I've seen more hard drive than PSU dying in datacenter move, which is usually solved with having a few spares and good backups, obviously external from the datacenter being moved. But same can be said of PSUs. Obviously the more heterogeneous your servers are, the hardest it is to have spares for everything. Everytime we did some DC moves, we used that opportunity to replace a few old servers which meant we bought a few spares. The big question is if the Xen project has the financial capacity to buy a handful of servers.
Let's keep in mind we are talking about a relatively easy move. This might be inconvenient for the DEVs but this is an infrastructure (CI) that is not customer facing and that can survive being offline 2 or 3 days. Users can still download the deliverables, developers can still code in the meantime.
> You don't want to replicate the mess, rather to know which LANs/VLANs your servers need access to, so you have some planning to do, but the day you unplug everything you don't have to mind where the cables were going.
This assumes the Xen project keeps half decent, fairly up to date documentation. I could see them not founding admin work as much as they should.
> Why do they think their hardware would not survive a move?
Stuff that is spinning and then stops may not come up again for mechanical reasons - there is relatively little energy required to keep it spinning, but to overcome the initial resistance and acceleration takes more energy than components might deliver as lube is dried out, gum and oil gotten sticky.
And that also holds true for solid state elements, particularly capacitors. They can simply blow up or otherwise fail under the strain of inrush current.
Other stuff can be mechanically damaged during disassembly, shipping and assembly. A worker lets something drop by accident, a cable isn't unplugged properly, damaging the socket as it's being ripped out, the truck drives over a pothole, the shipping container bakes in the sun for a few days leading to capacitors drying out or, in the worst case, cable insulations melting, flex cables where the softener has long since leeched out and now they're brittle, literally crumbling due to the vibrations and movement of a move...

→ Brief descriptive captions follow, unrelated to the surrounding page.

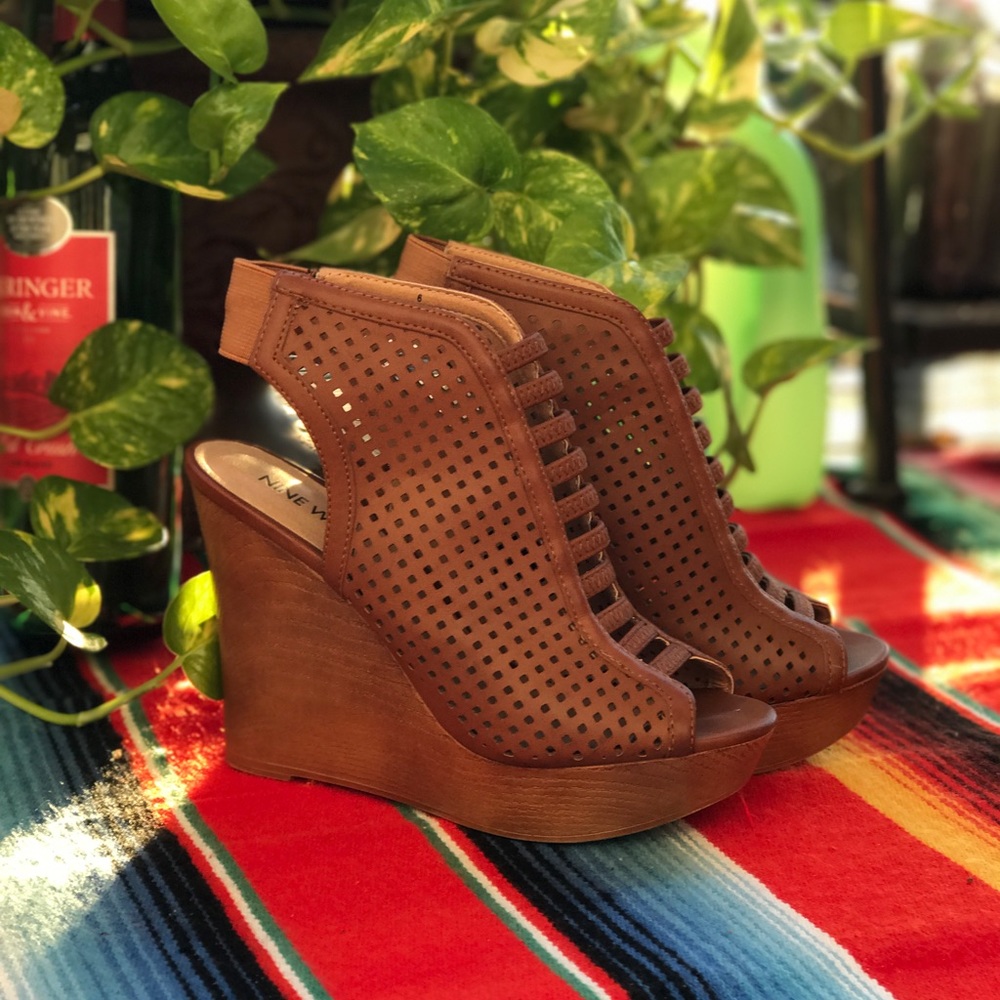 Nine West Destiny Shoe Wedge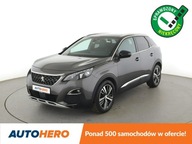 Peugeot 3008 GT-Line panorama virtual navi PDC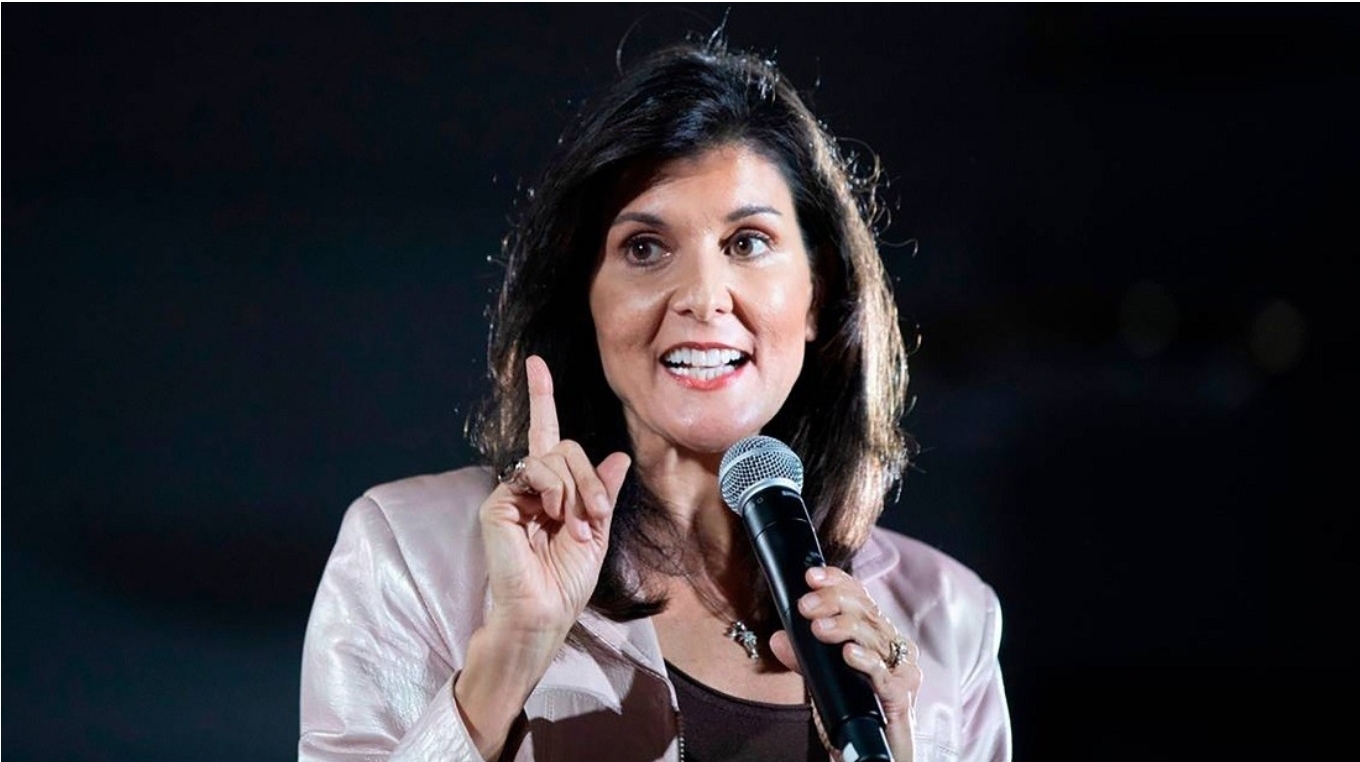 Nikki Haley anuncia que votará por Donald Trump en las elecciones presidenciales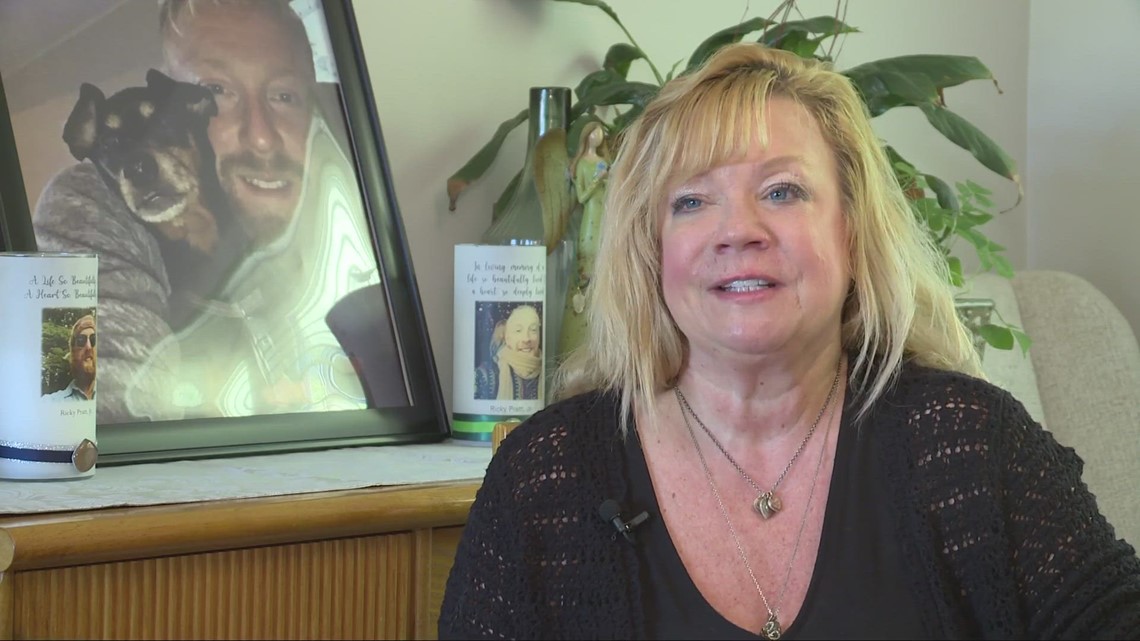 North Royalton mom seeks justice after son dies from overdose - Vimarsana News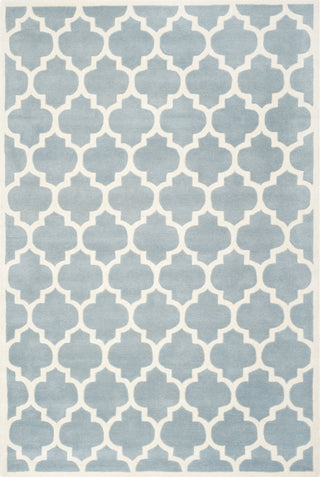 Safavieh Chatham 734 Blue/Ivory Area Rug Main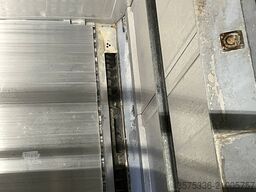 Kraker CF 300 Schubboden mit Blaseinrichtung Pellets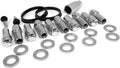 Race Star 14mm x 1.5 1.38in. Shank W/ 7/8in. Head Closed End Lug Kit - 10 PK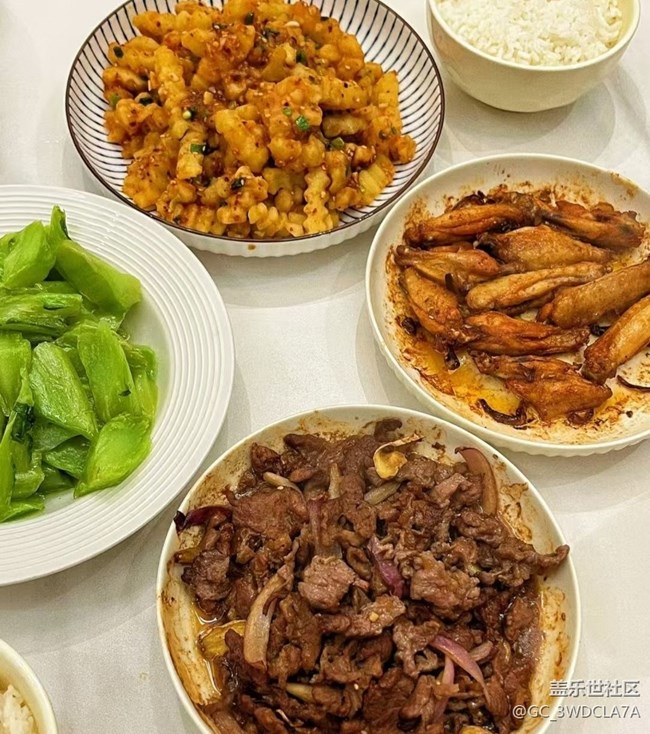 【赏味清秋】做菜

And finally, there's the RoHS issue from the late '00s coming back to haunt us for really aged hardware - anything manufactured from a year before to two years after RoHS got in force can have issues with solder composition. Tin whiskers that get rattled loose by moving stuff around and cause shorts, solder-thickened traces that literally break under flex.
There's LOTS of stuff that can go wrong in a DC move.
> There's LOTS of stuff that can go wrong in a DC move.
That can doesn't mean that will.
I am talking from experience, having worked on several moves that included some 15y old machines at the time that had some stupidly long uptimes and on different architectures: x86, sparc, amd64, powerpc. Stuff being pretty much more amd64 arch centric these days, especially in the virtualization world, I believe it should be easier to have a few spares.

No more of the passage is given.